● **YOUR GOAL**
Start at the line below containing "Nekilnojamojo turto fotografavimas" and stop at the line containing "Feature - Complete Platform Overview". Repeat every line of that stretch exactly, and nothing outside it.

[Records from a collection]

☆ ☆ ☆ ☆

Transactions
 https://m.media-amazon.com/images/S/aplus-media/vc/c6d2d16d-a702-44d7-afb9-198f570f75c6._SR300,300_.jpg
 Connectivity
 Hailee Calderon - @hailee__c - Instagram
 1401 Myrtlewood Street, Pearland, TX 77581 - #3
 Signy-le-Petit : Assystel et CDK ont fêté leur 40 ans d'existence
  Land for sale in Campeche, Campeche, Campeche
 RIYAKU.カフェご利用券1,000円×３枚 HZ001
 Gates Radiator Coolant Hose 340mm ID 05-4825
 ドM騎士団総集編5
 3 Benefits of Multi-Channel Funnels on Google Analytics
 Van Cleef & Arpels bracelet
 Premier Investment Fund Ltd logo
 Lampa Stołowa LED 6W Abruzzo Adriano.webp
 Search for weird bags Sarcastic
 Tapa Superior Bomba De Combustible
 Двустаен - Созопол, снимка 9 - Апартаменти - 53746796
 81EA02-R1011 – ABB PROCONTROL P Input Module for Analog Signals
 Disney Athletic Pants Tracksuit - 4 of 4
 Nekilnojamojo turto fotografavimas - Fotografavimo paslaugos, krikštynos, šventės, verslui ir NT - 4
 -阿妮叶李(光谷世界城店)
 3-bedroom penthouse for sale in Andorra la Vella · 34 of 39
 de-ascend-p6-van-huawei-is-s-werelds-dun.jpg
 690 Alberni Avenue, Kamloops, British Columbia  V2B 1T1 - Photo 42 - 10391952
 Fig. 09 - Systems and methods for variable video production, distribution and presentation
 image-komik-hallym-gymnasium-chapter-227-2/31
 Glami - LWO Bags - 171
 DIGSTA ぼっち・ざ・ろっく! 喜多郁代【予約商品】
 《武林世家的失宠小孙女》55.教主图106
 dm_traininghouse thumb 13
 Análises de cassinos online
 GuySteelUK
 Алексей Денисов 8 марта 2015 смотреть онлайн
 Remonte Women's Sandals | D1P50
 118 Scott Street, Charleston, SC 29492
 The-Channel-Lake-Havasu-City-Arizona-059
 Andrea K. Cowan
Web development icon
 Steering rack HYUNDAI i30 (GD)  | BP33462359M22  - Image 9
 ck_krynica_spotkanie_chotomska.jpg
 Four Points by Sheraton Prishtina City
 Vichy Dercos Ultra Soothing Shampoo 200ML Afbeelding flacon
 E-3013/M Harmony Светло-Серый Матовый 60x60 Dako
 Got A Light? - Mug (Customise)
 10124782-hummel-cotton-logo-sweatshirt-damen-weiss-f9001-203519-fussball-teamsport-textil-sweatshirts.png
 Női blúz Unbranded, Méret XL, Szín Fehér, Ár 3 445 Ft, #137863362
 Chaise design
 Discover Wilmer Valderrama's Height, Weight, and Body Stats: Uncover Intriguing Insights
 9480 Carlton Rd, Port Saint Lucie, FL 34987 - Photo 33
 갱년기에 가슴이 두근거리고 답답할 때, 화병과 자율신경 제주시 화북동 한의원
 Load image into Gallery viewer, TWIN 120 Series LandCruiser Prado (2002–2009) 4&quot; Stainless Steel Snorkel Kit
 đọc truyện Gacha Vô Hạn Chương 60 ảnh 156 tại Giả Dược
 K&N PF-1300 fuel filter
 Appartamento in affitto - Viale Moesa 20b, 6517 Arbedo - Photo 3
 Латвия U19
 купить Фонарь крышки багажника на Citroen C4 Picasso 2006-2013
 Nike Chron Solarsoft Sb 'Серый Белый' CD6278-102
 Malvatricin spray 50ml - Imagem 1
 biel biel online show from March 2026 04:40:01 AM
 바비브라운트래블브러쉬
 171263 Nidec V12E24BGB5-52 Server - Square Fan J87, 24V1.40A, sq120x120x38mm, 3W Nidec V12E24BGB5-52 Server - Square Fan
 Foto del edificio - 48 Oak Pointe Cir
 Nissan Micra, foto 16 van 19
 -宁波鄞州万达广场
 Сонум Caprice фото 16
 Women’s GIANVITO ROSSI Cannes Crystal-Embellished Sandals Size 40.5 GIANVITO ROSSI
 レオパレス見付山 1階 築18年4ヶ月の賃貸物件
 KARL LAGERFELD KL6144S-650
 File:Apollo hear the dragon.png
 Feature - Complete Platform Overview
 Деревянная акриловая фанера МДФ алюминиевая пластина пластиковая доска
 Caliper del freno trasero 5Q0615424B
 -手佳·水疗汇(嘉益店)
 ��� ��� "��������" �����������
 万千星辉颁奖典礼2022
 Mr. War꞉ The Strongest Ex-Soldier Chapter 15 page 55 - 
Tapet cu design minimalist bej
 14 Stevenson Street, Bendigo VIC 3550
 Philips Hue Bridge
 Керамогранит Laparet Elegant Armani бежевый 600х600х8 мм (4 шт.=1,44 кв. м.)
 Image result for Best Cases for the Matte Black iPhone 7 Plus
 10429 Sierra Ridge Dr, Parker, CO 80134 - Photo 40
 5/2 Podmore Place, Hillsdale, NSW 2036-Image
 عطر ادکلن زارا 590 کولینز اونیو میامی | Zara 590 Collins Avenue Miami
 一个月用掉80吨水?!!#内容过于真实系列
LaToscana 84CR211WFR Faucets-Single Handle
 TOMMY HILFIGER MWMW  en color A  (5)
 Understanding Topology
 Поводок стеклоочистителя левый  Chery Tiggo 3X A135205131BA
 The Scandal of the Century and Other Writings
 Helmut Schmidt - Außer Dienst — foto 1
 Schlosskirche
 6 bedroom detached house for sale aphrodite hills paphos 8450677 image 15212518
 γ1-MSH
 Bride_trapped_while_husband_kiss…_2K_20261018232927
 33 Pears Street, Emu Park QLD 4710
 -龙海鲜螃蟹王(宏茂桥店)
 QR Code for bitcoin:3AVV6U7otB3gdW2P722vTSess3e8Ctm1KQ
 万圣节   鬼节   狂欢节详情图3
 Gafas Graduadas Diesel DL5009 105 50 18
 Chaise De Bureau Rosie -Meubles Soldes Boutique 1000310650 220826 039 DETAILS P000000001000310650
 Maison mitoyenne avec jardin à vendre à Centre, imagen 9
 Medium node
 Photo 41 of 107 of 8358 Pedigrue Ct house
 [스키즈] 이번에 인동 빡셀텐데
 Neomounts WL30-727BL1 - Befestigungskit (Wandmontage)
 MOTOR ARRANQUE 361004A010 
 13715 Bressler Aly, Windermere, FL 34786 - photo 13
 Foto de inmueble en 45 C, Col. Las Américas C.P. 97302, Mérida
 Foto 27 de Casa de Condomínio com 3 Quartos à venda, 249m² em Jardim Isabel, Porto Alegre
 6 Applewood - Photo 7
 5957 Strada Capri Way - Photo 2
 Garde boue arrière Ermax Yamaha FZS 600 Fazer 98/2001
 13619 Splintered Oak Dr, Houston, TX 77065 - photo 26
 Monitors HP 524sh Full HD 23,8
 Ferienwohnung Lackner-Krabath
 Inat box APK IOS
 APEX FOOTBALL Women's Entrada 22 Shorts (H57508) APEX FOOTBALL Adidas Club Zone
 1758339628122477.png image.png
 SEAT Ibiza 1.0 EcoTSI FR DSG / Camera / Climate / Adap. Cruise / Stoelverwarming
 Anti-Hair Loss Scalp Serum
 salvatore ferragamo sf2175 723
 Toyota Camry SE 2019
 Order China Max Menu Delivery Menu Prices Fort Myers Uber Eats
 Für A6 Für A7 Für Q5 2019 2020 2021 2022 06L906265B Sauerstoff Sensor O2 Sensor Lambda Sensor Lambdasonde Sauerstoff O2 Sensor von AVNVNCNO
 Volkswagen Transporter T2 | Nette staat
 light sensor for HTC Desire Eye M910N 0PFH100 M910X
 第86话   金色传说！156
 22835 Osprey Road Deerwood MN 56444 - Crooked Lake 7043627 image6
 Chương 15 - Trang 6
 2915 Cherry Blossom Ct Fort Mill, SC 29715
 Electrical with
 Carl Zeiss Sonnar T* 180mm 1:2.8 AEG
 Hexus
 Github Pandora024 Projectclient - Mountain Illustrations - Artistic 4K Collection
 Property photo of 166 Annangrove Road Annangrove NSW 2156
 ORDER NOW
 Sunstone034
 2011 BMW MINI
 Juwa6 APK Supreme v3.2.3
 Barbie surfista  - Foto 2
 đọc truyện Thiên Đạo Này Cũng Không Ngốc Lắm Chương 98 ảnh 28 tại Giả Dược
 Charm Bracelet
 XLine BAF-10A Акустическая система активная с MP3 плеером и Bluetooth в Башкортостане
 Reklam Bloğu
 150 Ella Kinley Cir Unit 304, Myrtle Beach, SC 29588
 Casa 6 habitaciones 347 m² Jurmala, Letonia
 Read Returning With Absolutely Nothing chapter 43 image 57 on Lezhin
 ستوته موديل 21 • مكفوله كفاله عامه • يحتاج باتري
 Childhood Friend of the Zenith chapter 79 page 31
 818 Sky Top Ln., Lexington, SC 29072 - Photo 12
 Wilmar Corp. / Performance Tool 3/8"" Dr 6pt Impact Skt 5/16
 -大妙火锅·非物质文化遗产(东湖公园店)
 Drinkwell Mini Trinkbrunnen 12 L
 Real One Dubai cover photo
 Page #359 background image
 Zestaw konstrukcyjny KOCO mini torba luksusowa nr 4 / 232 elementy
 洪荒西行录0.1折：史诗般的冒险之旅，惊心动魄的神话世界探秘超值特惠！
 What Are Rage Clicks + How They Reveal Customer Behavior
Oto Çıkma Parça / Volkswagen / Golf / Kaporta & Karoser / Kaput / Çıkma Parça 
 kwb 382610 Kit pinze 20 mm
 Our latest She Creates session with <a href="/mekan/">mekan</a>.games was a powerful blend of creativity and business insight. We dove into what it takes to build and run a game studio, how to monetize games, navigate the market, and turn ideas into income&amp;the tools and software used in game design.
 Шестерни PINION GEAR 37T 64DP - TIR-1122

☆ ☆ ☆ ☆

● **EXERCISE SOLUTION**
 Nekilnojamojo turto fotografavimas - Fotografavimo paslaugos, krikštynos, šventės, verslui ir NT - 4
 -阿妮叶李(光谷世界城店)
 3-bedroom penthouse for sale in Andorra la Vella · 34 of 39
 de-ascend-p6-van-huawei-is-s-werelds-dun.jpg
 690 Alberni Avenue, Kamloops, British Columbia  V2B 1T1 - Photo 42 - 10391952
 Fig. 09 - Systems and methods for variable video production, distribution and presentation
 image-komik-hallym-gymnasium-chapter-227-2/31
 Glami - LWO Bags - 171
 DIGSTA ぼっち・ざ・ろっく! 喜多郁代【予約商品】
 《武林世家的失宠小孙女》55.教主图106
 dm_traininghouse thumb 13
 Análises de cassinos online
 GuySteelUK
 Алексей Денисов 8 марта 2015 смотреть онлайн
 Remonte Women's Sandals | D1P50
 118 Scott Street, Charleston, SC 29492
 The-Channel-Lake-Havasu-City-Arizona-059
 Andrea K. Cowan
Web development icon
 Steering rack HYUNDAI i30 (GD)  | BP33462359M22  - Image 9
 ck_krynica_spotkanie_chotomska.jpg
 Four Points by Sheraton Prishtina City
 Vichy Dercos Ultra Soothing Shampoo 200ML Afbeelding flacon
 E-3013/M Harmony Светло-Серый Матовый 60x60 Dako
 Got A Light? - Mug (Customise)
 10124782-hummel-cotton-logo-sweatshirt-damen-weiss-f9001-203519-fussball-teamsport-textil-sweatshirts.png
 Női blúz Unbranded, Méret XL, Szín Fehér, Ár 3 445 Ft, #137863362
 Chaise design
 Discover Wilmer Valderrama's Height, Weight, and Body Stats: Uncover Intriguing Insights
 9480 Carlton Rd, Port Saint Lucie, FL 34987 - Photo 33
 갱년기에 가슴이 두근거리고 답답할 때, 화병과 자율신경 제주시 화북동 한의원
 Load image into Gallery viewer, TWIN 120 Series LandCruiser Prado (2002–2009) 4&quot; Stainless Steel Snorkel Kit
 đọc truyện Gacha Vô Hạn Chương 60 ảnh 156 tại Giả Dược
 K&N PF-1300 fuel filter
 Appartamento in affitto - Viale Moesa 20b, 6517 Arbedo - Photo 3
 Латвия U19
 купить Фонарь крышки багажника на Citroen C4 Picasso 2006-2013
 Nike Chron Solarsoft Sb 'Серый Белый' CD6278-102
 Malvatricin spray 50ml - Imagem 1
 biel biel online show from March 2026 04:40:01 AM
 바비브라운트래블브러쉬
 171263 Nidec V12E24BGB5-52 Server - Square Fan J87, 24V1.40A, sq120x120x38mm, 3W Nidec V12E24BGB5-52 Server - Square Fan
 Foto del edificio - 48 Oak Pointe Cir
 Nissan Micra, foto 16 van 19
 -宁波鄞州万达广场
 Сонум Caprice фото 16
 Women’s GIANVITO ROSSI Cannes Crystal-Embellished Sandals Size 40.5 GIANVITO ROSSI
 レオパレス見付山 1階 築18年4ヶ月の賃貸物件
 KARL LAGERFELD KL6144S-650
 File:Apollo hear the dragon.png
 Feature - Complete Platform Overview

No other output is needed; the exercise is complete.